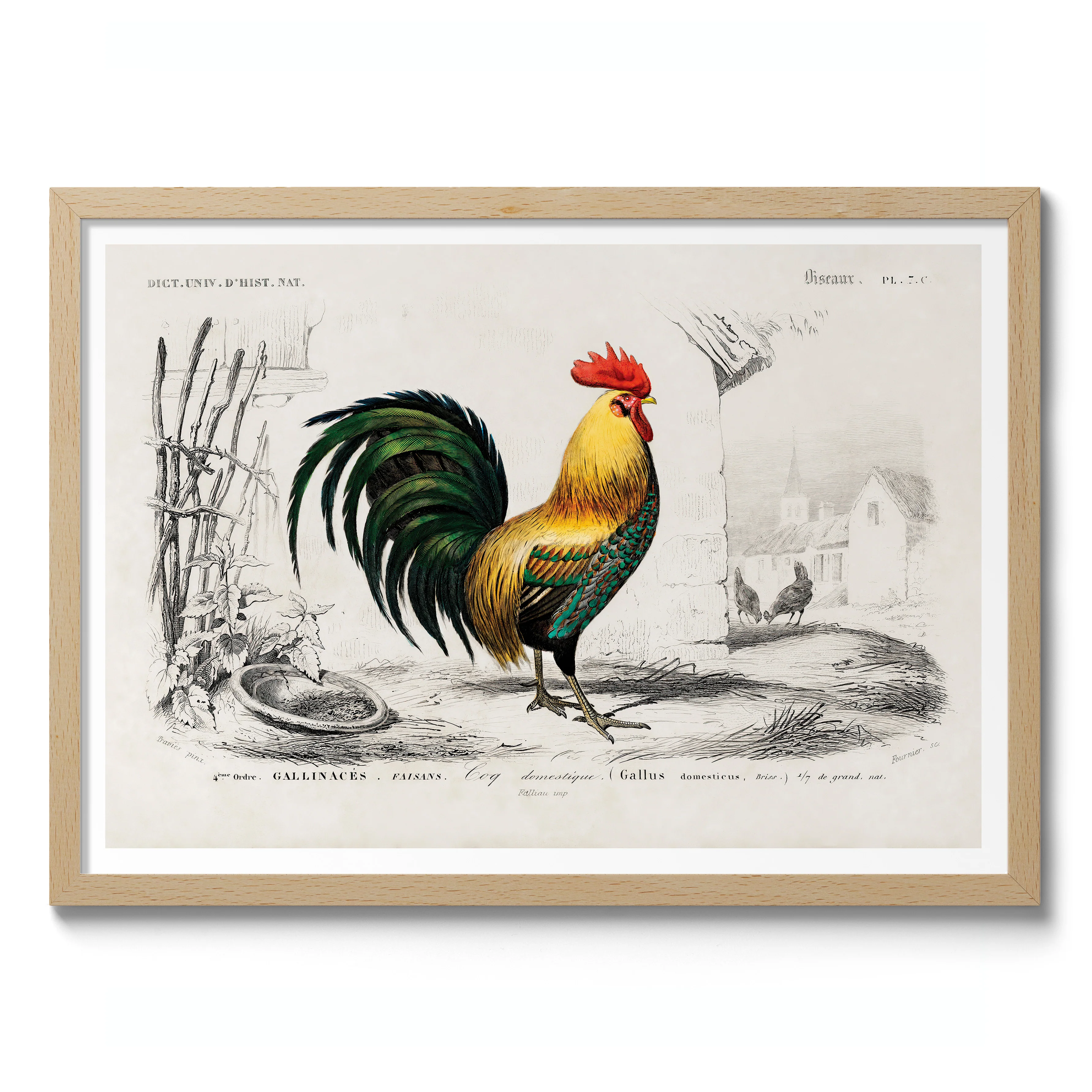 Cock - Image 3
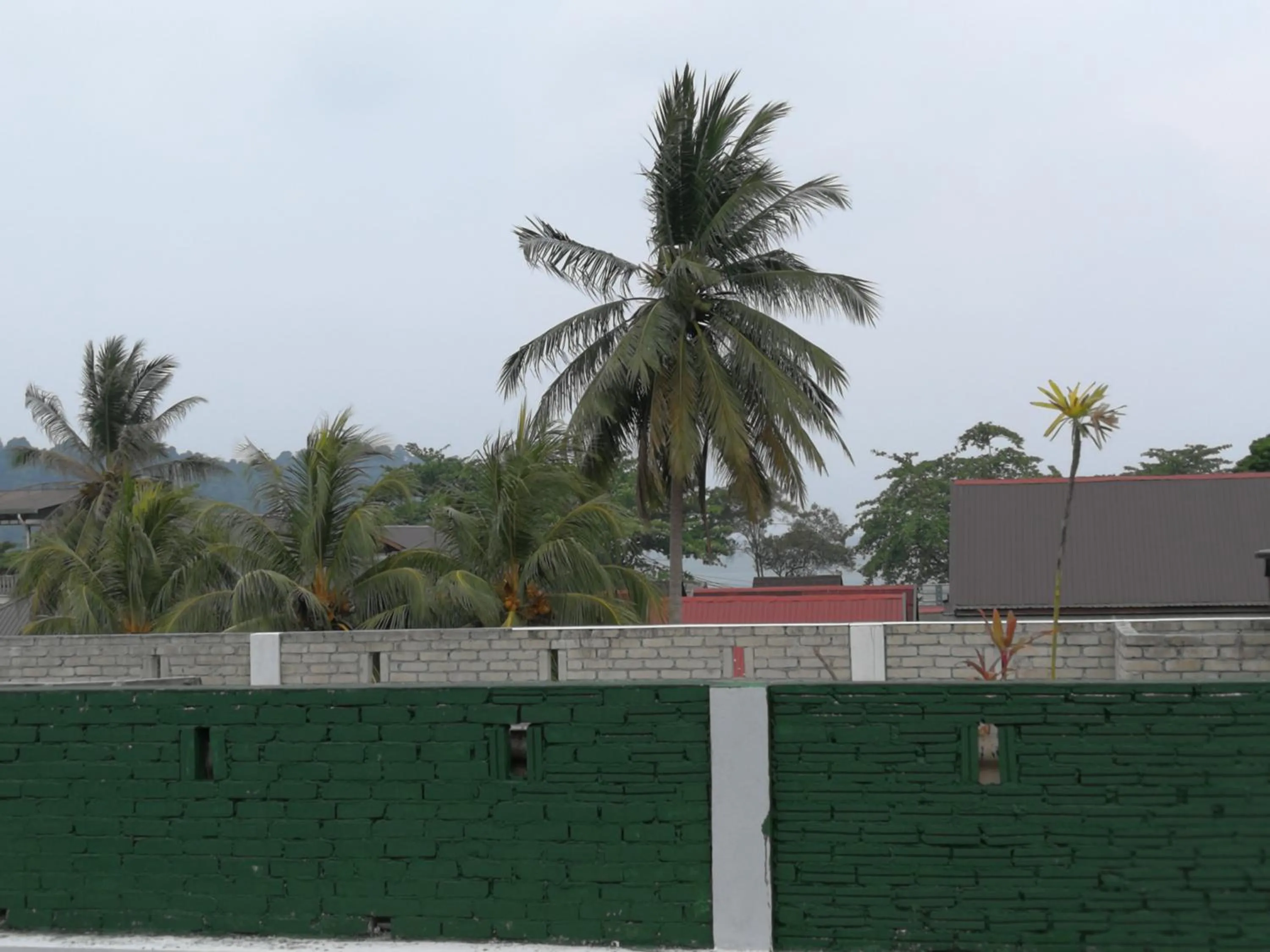 Natural landscape in Joe Fisherman Inn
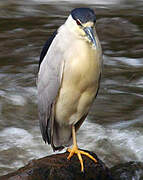 Black-crowned Night Heron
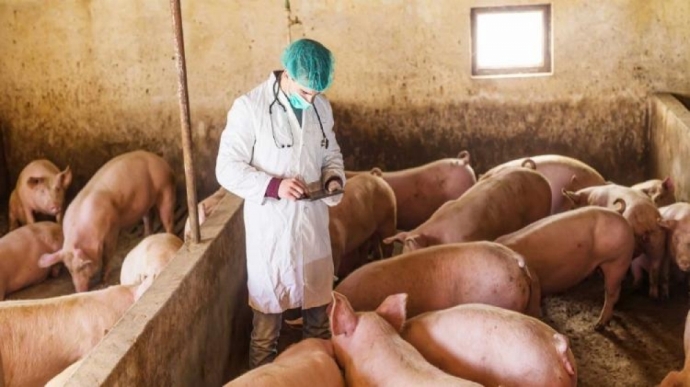 Επαγρύπνηση για την προστασία από την αφρικανική πανώλη των χοίρων συνιστά η Διεύθυνση Κτηνιατρικής Περιφέρειας Δυτικής Ελλάδας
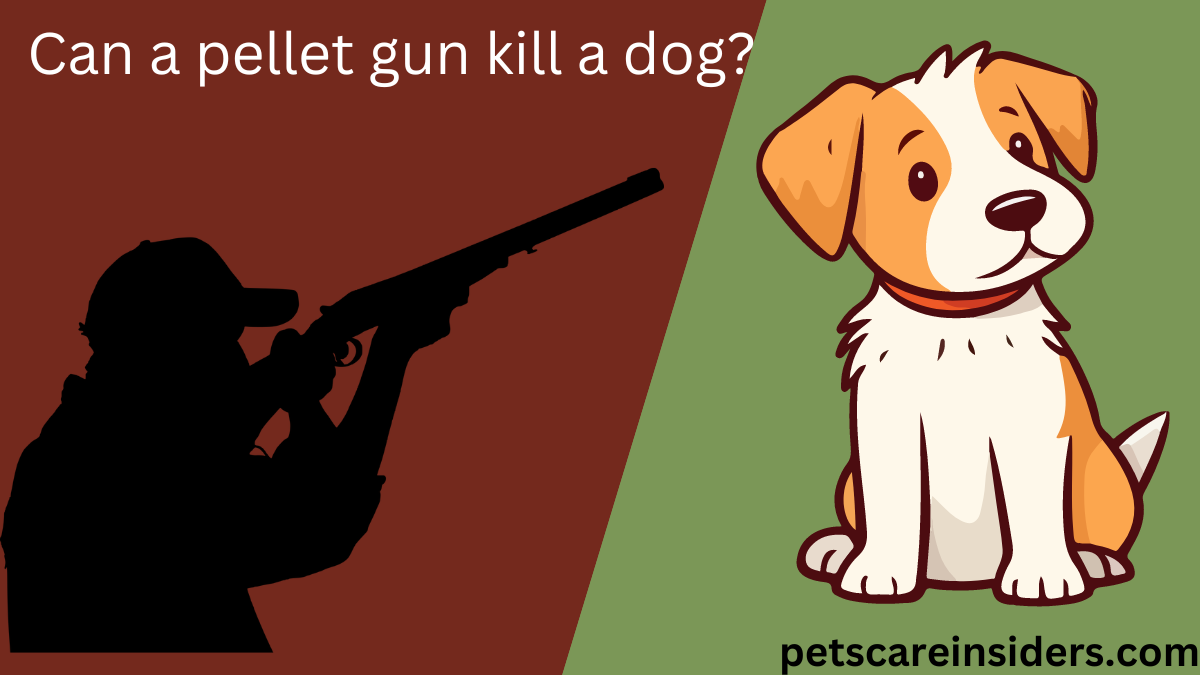 Can a pellet gun kill a dog?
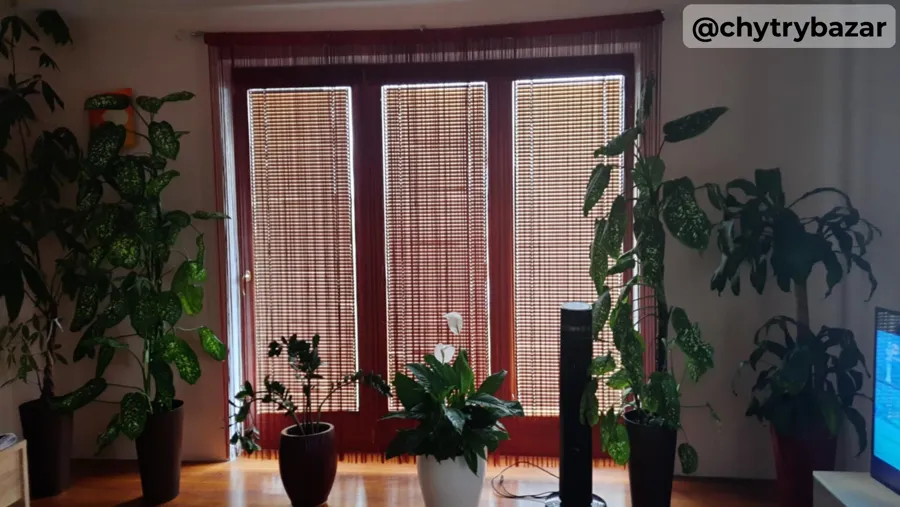 vysoký izbový kvet - DIFENBACHIA - výška cca 200cm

* * * * * * * * *

Exactly repeat the data above; the pictures do not belong in your copy.

- _Answer for the task_
 Cock - Image 3
 Natural landscape in Joe Fisherman Inn
 Black-crowned Night Heron
 Επαγρύπνηση για την προστασία από την αφρικανική πανώλη των χοίρων συνιστά η Διεύθυνση Κτηνιατρικής Περιφέρειας Δυτικής Ελλάδας
 Can a pellet gun kill a dog?
 vysoký izbový kvet - DIFENBACHIA - výška cca 200cm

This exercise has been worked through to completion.